EXERCISE OBJECTIVE -
Exact copy, no pictures: return all the data below as written.

INPUT DATA -
● ● ● ●

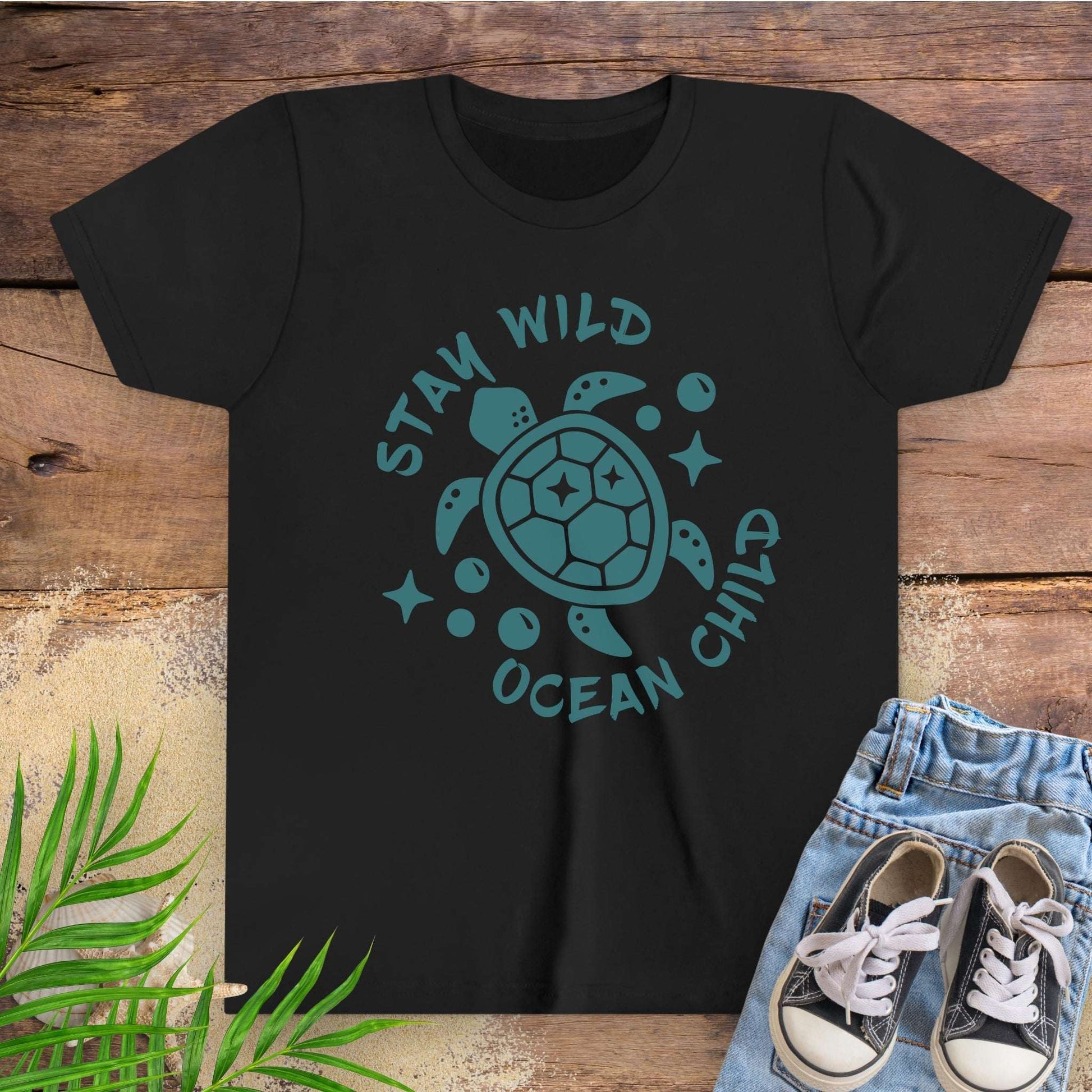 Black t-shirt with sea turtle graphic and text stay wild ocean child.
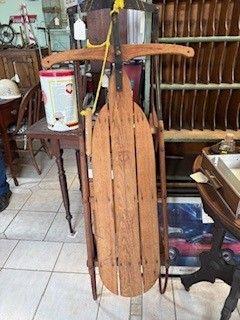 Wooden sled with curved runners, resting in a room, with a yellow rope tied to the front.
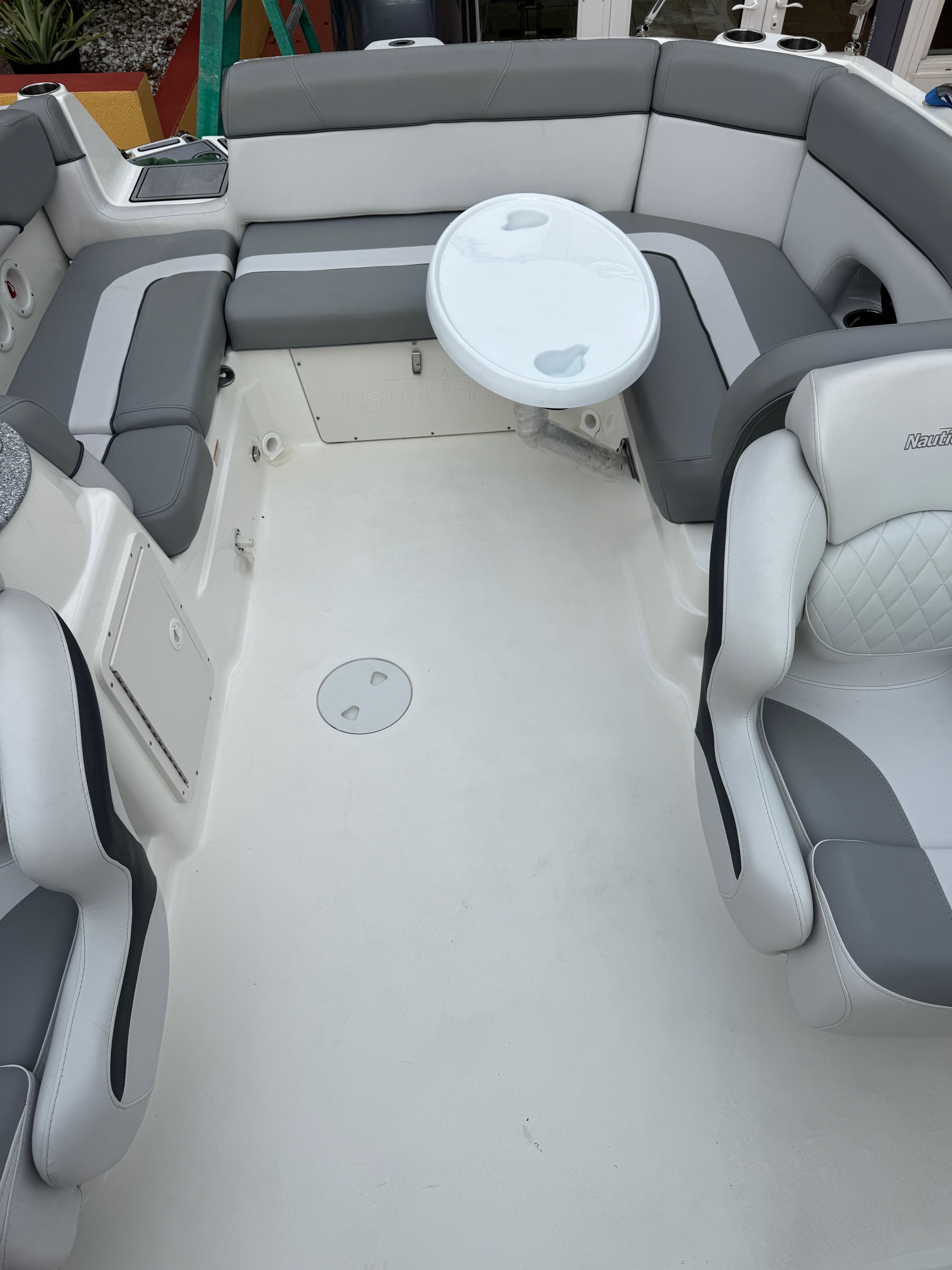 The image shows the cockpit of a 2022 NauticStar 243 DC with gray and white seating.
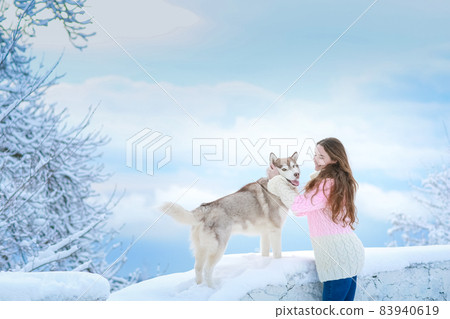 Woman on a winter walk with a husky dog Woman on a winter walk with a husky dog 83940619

● ● ● ●

PROBLEM SOLUTION -
 Black t-shirt with sea turtle graphic and text stay wild ocean child.
 Wooden sled with curved runners, resting in a room, with a yellow rope tied to the front.
 The image shows the cockpit of a 2022 NauticStar 243 DC with gray and white seating.
 Woman on a winter walk with a husky dog Woman on a winter walk with a husky dog 83940619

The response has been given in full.